Hi,
Some of the jobs submitted to torque via GRAM are killed after about
24 hours in the queue, all with the similar message in globus logs:
2009-07-10 11:32:16,052 INFO exec.StateMachine
[RunQueueThread_5,logJobFailed:3250] Job 74bd3c60-6c17-11de-9a06-9ba1d1ebd14a
failed. Description: Couldn't obtain a delegated credential. Cause:
org.globus.exec.generated.FaultType: Couldn't obtain a delegated credential.
caused by [0: org.oasis.wsrf.faults.BaseFaultType: Error getting delegation
resource [Caused by: org.globus.wsrf.NoSuchResourceException]]

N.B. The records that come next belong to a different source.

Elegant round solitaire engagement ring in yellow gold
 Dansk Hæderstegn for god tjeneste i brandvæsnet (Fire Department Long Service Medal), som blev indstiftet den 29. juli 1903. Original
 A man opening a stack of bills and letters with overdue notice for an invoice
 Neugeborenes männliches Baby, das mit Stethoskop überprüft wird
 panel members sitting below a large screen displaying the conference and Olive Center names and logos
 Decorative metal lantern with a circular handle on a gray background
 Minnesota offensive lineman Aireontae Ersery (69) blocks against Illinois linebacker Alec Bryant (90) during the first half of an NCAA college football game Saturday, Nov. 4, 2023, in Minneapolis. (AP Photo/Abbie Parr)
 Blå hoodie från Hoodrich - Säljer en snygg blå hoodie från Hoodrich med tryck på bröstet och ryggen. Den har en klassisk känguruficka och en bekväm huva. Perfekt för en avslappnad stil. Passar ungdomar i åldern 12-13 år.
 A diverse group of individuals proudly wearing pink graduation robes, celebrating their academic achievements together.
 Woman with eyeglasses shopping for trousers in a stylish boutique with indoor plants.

torque reports exit status = 271 (exceeds resource limit or killed by
user), none of the "problematic" jobs seem to exceed any
limits. Moreover we had a lot of jobs that run for longer then 24 hours
and completed successfully (sometimes users just re-submitted jobs
with the same description and using exactly the same tools and it
completed without any problems).
All problematic jobs were submitted with globusrun-ws tool
Could anyone explain what is going on here?
Currently we use globus version from VDT 1.10, started with VDT 1.6
From looking in logs, we had the same problem for over a year, but not
many people are affected and most just re-submit without
reporting.
Cheers,
Yuriy